Neurovore, I'm going to take a guess that you're, at the very least, occasionally exasperated by David Weber. ;D
--- Quote from: Marie on August 09, 2013, 12:42:38 AM ---Yeah, good idea for plots. But I never liked his work. Not a single space ship, actively employed wizard or other believable supernatural or other worldly character in sight! ::)
--- End quote ---
Midsummer Night's Dream?
Ulfgeir:
--- Quote from: Marie on August 09, 2013, 12:42:38 AM ---Yeah, good idea for plots. But I never liked his work. Not a single space ship, actively employed wizard or other believable supernatural or other worldly character in sight! ::)
--- End quote ---
Well you have a wizard and a spirit in The Tempest.
In Macbeth you have 3 witches
In Hamlet, there's a ghost
And finally in Midsummer Night's Dream there is a ton of the Fair folk..
/Ulfgeir
CenturionsofRome:
I suggest playing around with two distinct and separate concepts, like mutants and aliens, spaceships and romans, familiars and steampunk, pokemon and the lost roman legion (*cough* Alera *cough*), and see how they could potentially fit together in different ways.
the neurovore of Zur-En-Aargh:
--- Quote from: Sully on August 09, 2013, 11:28:10 PM ---Neurovore, I'm going to take a guess that you're, at the very least, occasionally exasperated by David Weber. ;D
--- End quote ---
I regard him as the proof that there is no setting, no universe, and no genre that a sufficiently determined author can't fold, spindle, and mutilate enough to force it to have Napoleonic-type sea battles or their exact equvalent in.
Why anyone who really wants to write Napoleonic sea battles would not just straightforwardly write Napoleonic naval novels is completely beyond me (well, except for the fact that the standard for comparison for those is Patrick O'Brian, and that would be terrifying because Patrick O'Brian was a genius.)
The Deposed King:
--- Quote from: the neurovore of Zur-En-Aargh on August 12, 2013, 02:36:02 AM ---I regard him as the proof that there is no setting, no universe, and no genre that a sufficiently determined author can't fold, spindle, and mutilate enough to force it to have Napoleonic-type sea battles or their exact equvalent in.

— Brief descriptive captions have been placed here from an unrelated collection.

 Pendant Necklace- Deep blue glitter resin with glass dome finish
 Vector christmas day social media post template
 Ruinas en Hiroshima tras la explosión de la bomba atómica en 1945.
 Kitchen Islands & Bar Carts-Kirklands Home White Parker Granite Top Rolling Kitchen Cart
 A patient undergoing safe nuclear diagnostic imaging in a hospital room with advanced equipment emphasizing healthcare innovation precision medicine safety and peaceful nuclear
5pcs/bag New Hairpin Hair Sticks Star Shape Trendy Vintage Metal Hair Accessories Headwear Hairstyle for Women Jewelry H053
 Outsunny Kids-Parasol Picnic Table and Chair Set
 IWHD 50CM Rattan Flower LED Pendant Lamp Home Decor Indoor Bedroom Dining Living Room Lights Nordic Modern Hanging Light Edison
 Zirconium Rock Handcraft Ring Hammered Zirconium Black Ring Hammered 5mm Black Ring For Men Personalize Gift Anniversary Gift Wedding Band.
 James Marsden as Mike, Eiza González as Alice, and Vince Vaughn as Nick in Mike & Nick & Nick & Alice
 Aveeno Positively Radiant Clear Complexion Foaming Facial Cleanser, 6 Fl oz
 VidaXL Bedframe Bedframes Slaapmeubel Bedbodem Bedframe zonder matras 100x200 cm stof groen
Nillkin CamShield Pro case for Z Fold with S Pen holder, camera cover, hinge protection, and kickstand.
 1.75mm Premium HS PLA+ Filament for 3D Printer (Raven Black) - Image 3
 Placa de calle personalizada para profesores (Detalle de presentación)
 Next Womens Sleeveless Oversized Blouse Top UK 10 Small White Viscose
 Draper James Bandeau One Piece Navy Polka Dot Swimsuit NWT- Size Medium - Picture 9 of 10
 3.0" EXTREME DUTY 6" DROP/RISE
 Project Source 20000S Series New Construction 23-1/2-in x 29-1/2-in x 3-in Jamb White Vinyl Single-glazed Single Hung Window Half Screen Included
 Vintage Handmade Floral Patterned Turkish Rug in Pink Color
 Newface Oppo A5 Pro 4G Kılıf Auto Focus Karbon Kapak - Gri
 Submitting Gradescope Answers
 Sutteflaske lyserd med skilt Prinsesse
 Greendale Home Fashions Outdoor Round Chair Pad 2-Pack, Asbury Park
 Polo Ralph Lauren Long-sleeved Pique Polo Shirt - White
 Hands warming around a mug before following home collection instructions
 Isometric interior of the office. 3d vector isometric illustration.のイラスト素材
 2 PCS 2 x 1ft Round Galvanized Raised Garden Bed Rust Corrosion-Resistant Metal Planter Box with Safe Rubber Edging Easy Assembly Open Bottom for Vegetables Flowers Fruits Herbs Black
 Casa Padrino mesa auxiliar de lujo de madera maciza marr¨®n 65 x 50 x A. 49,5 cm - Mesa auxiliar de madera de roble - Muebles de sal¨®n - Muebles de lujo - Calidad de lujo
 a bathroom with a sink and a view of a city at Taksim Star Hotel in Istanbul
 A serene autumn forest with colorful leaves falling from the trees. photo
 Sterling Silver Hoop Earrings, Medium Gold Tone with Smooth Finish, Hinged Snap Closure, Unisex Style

Why anyone who really wants to write Napoleonic sea battles would not just straightforwardly write Napoleonic naval novels is completely beyond me (well, except for the fact that the standard for comparison for those is Patrick O'Brian, and that would be terrifying because Patrick O'Brian was a genius.)
--- End quote ---
Perhaps its the desire to both continue advancing and at the same time return to some of the best or at least more exciting 'perceived' times of yester-years gone past?